Problem description —
In the entries below, begin at the line that has "Photo of property", stop after the line that has "AUDI A4 AVANT (7/27)", and output those lines exactly with no pictures.

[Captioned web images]

********

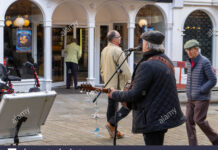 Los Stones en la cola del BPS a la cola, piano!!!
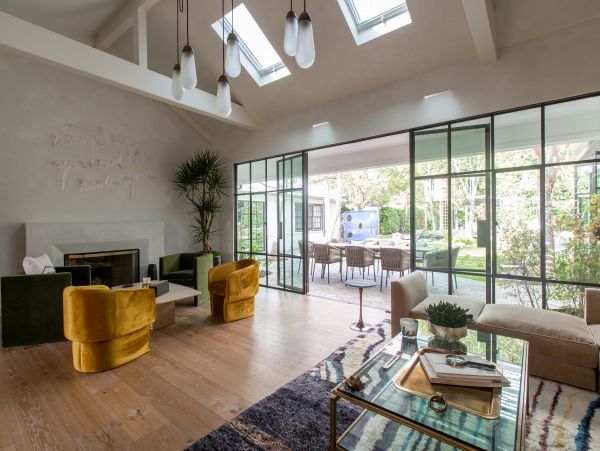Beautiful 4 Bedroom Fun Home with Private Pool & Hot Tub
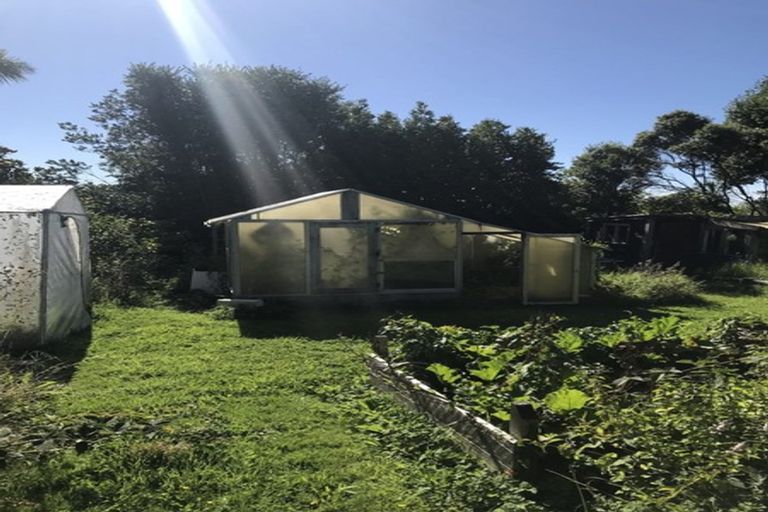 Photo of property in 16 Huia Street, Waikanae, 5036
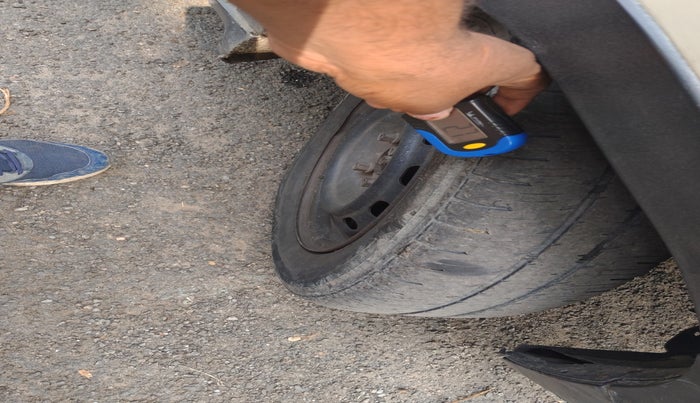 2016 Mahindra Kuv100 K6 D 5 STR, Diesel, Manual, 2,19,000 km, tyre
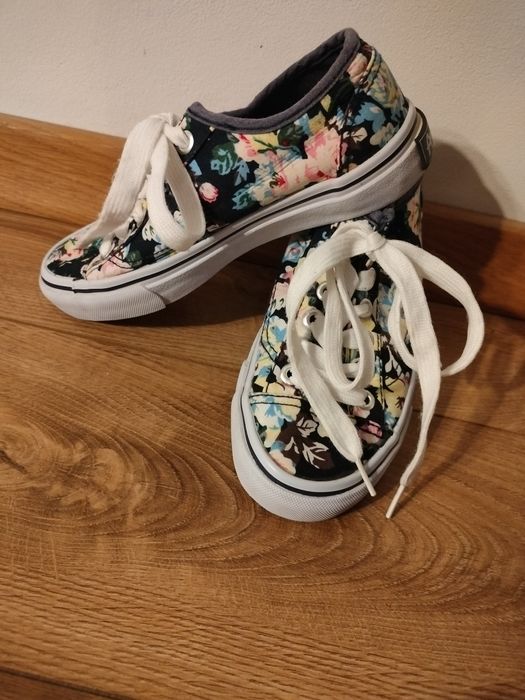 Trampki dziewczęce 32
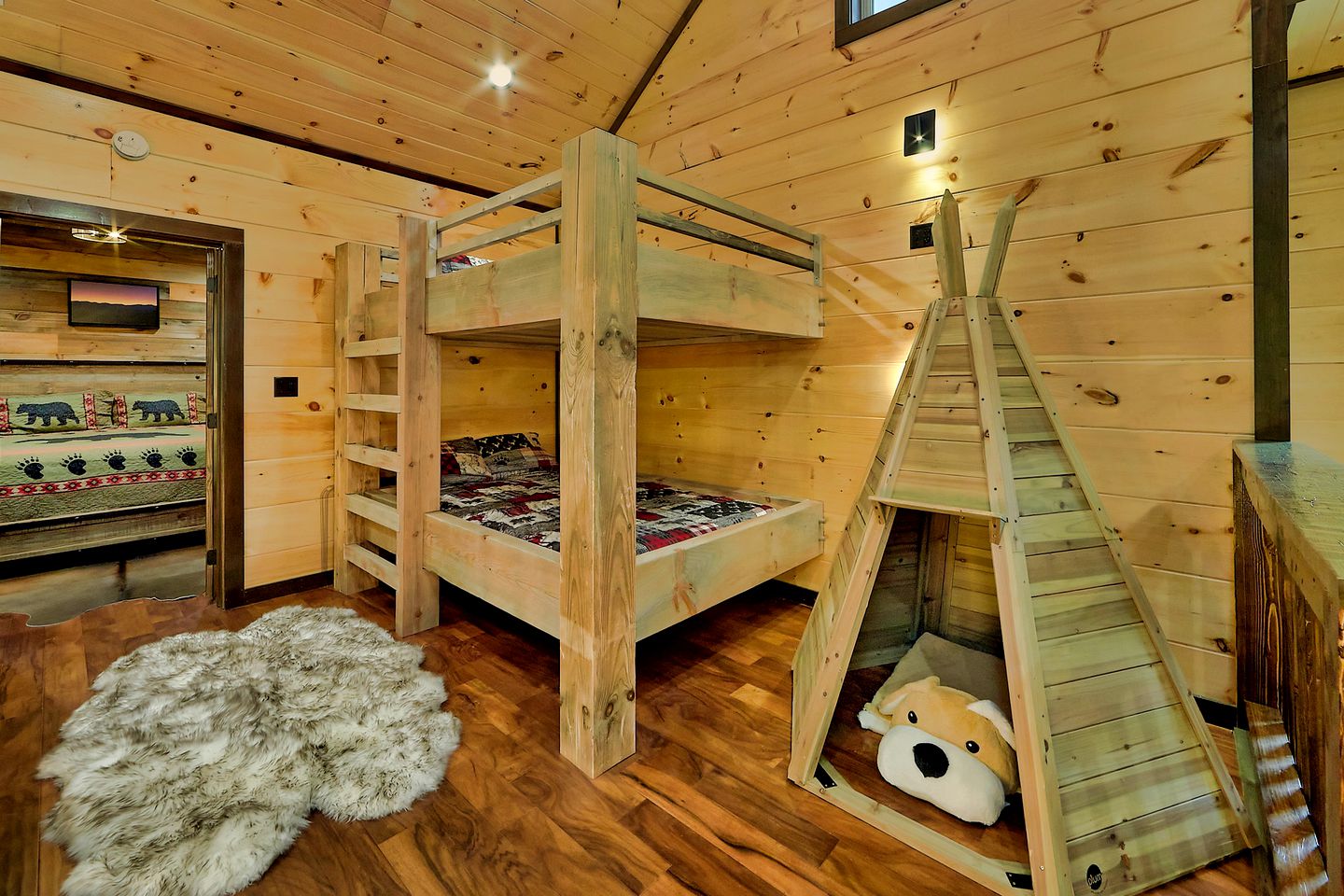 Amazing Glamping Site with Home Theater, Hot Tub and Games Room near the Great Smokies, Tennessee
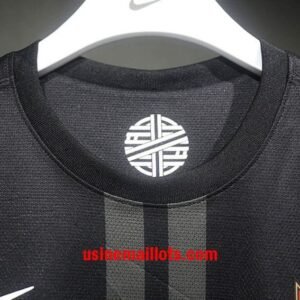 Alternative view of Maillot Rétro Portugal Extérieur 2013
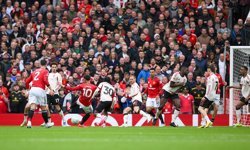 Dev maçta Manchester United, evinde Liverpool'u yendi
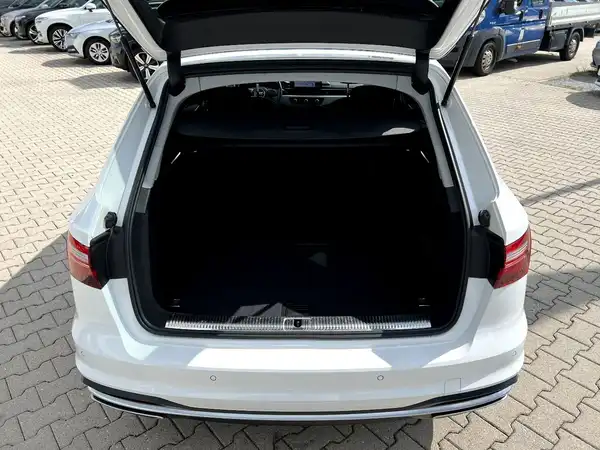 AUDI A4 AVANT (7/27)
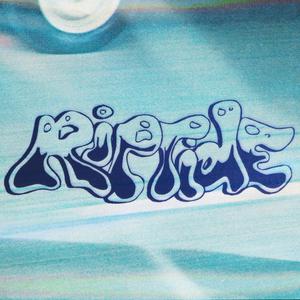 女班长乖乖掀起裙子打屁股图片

********

Your solution —
 Photo of property in 16 Huia Street, Waikanae, 5036
 2016 Mahindra Kuv100 K6 D 5 STR, Diesel, Manual, 2,19,000 km, tyre
 Trampki dziewczęce 32
 Amazing Glamping Site with Home Theater, Hot Tub and Games Room near the Great Smokies, Tennessee
 Alternative view of Maillot Rétro Portugal Extérieur 2013
 Dev maçta Manchester United, evinde Liverpool'u yendi
 AUDI A4 AVANT (7/27)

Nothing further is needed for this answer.